== Records to process ==

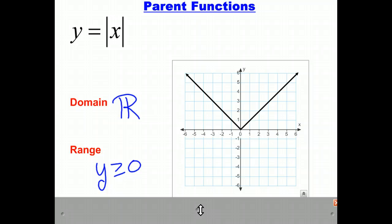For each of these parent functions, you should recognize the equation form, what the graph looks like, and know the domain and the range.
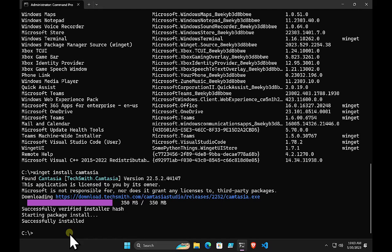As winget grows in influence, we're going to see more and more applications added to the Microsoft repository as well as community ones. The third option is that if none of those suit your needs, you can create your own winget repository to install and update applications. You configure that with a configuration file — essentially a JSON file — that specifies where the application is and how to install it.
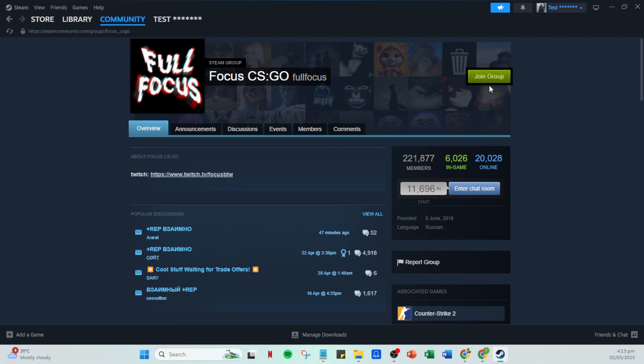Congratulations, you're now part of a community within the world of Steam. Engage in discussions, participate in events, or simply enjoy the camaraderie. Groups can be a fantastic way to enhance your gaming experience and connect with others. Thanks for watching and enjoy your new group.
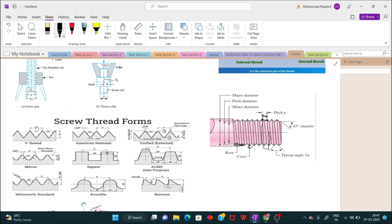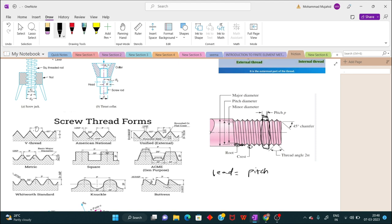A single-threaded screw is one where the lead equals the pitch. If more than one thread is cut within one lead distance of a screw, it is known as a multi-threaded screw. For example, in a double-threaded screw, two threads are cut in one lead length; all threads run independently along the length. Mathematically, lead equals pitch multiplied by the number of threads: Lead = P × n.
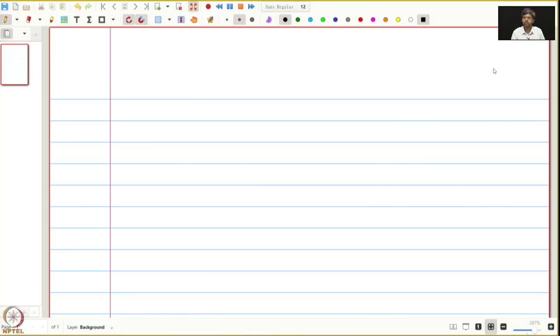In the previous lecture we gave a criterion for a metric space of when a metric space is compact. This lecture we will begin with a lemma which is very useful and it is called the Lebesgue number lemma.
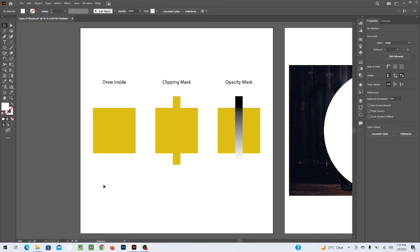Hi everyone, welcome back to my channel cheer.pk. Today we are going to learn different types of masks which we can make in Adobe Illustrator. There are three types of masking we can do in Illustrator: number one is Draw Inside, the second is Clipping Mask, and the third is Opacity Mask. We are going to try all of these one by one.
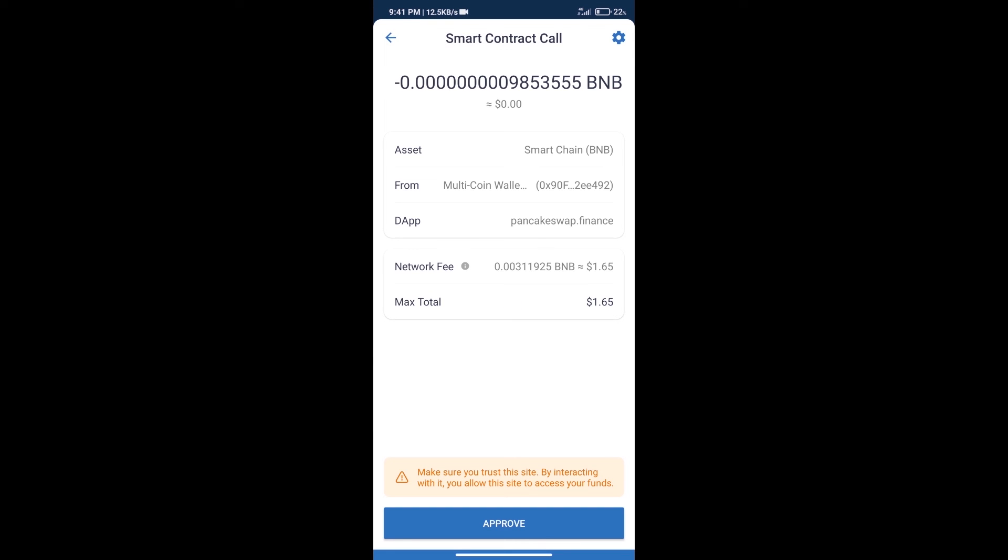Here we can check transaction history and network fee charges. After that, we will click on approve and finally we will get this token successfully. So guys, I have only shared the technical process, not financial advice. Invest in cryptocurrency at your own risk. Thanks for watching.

===
== Records to process ==

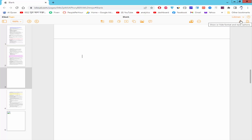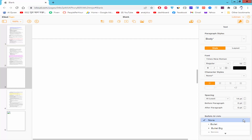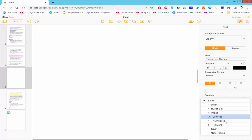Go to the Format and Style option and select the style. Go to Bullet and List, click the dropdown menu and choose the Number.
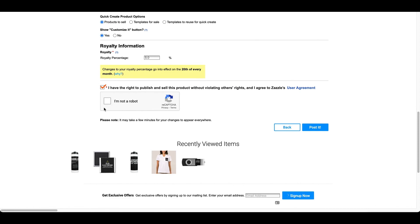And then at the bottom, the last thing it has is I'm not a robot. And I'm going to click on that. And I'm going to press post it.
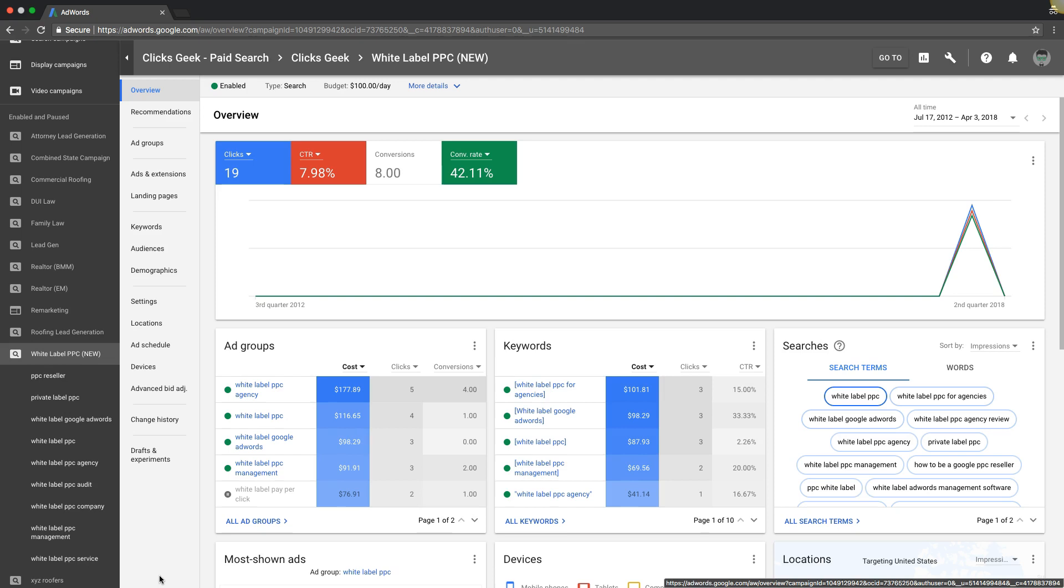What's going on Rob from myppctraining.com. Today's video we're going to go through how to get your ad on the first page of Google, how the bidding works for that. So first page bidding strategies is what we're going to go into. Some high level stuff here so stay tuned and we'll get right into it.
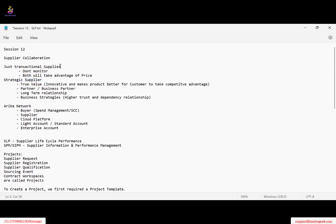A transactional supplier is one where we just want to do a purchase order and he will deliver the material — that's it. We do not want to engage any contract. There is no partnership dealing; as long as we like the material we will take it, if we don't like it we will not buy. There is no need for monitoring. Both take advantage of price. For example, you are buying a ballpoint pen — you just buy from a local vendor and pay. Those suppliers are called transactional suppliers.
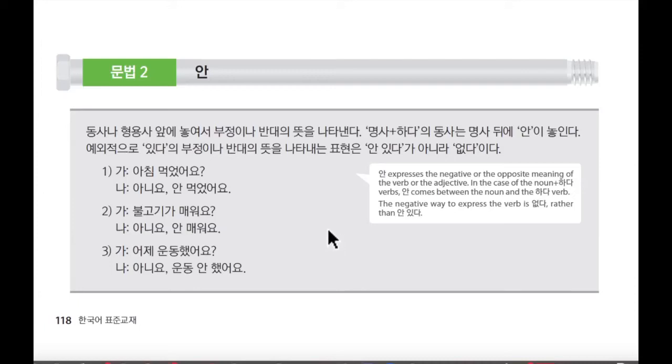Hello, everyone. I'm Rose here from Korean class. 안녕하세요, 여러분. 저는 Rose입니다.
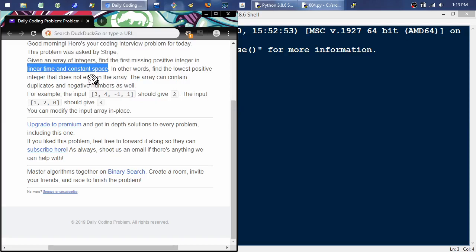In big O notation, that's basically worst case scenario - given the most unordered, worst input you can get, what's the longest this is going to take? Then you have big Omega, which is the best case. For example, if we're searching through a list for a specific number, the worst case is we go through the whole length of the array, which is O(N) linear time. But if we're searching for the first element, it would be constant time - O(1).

===

• [Prompt] The output is the stretch above from the line with "For each of" through the line with "As winget grows", copied word for word with both ends kept and every picture dropped.

• [Solution]
For each of these parent functions, you should recognize the equation form, what the graph looks like, and know the domain and the range.
As winget grows in influence, we're going to see more and more applications added to the Microsoft repository as well as community ones. The third option is that if none of those suit your needs, you can create your own winget repository to install and update applications. You configure that with a configuration file — essentially a JSON file — that specifies where the application is and how to install it.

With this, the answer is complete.